Krenew is a program that can renew your kerberos ticket, either manually once or automatically at some time interval until the ticket reaches the end of its life and can’t be renewed anymore. There are several ways you can use krenew to automatically renew your kerberos ticket, and we’ll give some examples of how to do this by putting krenew into your .bash_profile, and how to make a krenew systemd user service to automatically renew your kerberos ticket.

Starting Krenew In Your .bash_profile Or .bashrc

You can start krenew automatically whenever you log into a linux workstation by adding this script segment to your .bash_profile or .bashrc file. This would probably be good to do if you need to keep long running processes running on multiple workstations.

if klist >/dev/null 2>&1 \                                                                                                                                                             
       && which krenew > /dev/null \                                                                                                                                                  
       && ! pgrep -U $USER krenew > /dev/null                                                                                                                                         
then                                                                                                                                                                                   
   krenew -b -K 60                                                                                                                                                                    
fi

Starting Krenew Using a Systemd User Service

You can make a systemd user service to automatically start/restart krenew. If you have a private workstation that you tend to use this would probably be the most reliable way to keep your kerberos ticket alive.

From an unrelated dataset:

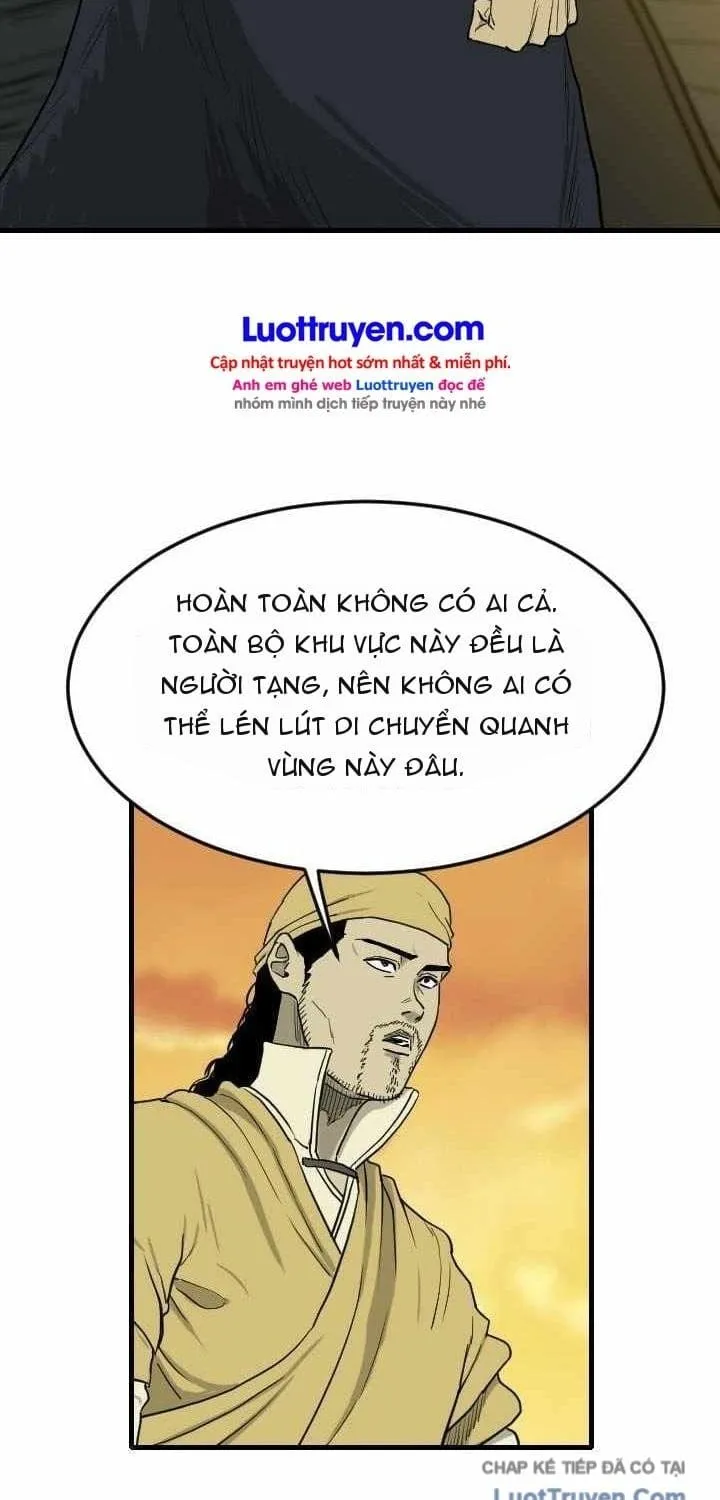 Ma Chiến Sĩ Chap 87 - Next Chap 88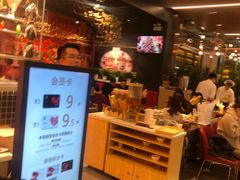 -好彩猪肚鸡(正弘城店)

Defining the krenew systemd user service

To define the krenew systemd user service you’ll need to write this text to a file at ~/.config/systemd/user/krenew.service

[Unit]
Description=Automatically renew my kerberos ticket
After=autofs.service

[Service]
ExecStart=/usr/bin/krenew -K 60 -v
Restart=always

[Install]
WantedBy=multi-user.target

Enabling and starting the krenew systemd user service

To actually enable and run the krenew systemd user service you’ll need to run the following commands in a terminal:

systemctl --user daemon-reload
systemctl --user enable krenew.service
systemctl --user start krenew.service
systemctl --user status krenew.service

If this is successful the output of the last command should look something like:

  • krenew.service - Automatically renew my kerberos ticket
    Loaded: loaded (/u/user/.config/systemd/user/krenew.service; enabled; vendor preset: enabled)
    Active: active (running) since Thu 2018-08-09 16:38:25 PDT; 2min 32s ago
    Main PID: 5392 (krenew)
      CGroup: /user.slice/user-9999.slice/user@9999.service/krenew.service
           └─5392 /usr/bin/krenew -K 60 -v
    
    Aug 09 16:38:25 rita systemd[2582]: Started Automatically renew my kerberos ticket.
    Aug 09 16:38:25 rita krenew[5392]: krenew: renewing credentials for user@CECS.PDX.EDU

Other Ways to use Krenew

The krenew man pages shows various other ways that you can use krenew too. If the above options don’t work for you, it would be worth reading through the man pages.